— WHAT NEEDS TO BE DONE —
Please restate word for word the lines of the entries below from the one with "Interactive AI Robot Dog Toy" to the one with "Silicone Baby Bib in Green", inclusive, and leave out every picture.

— MATERIAL SHOWN —

++++++++

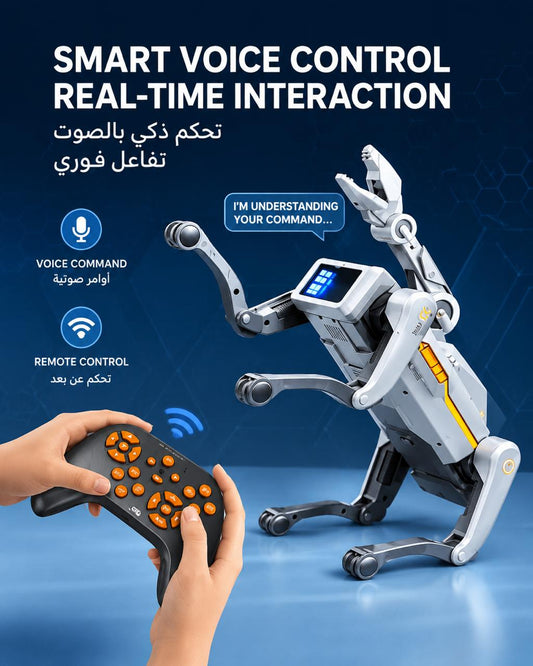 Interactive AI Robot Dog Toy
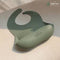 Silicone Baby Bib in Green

++++++++

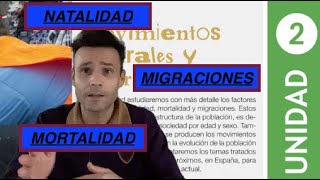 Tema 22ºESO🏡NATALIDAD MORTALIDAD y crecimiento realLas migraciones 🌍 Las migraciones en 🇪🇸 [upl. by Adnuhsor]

++++++++

— RESPONSE BELOW —
 Interactive AI Robot Dog Toy
 Silicone Baby Bib in Green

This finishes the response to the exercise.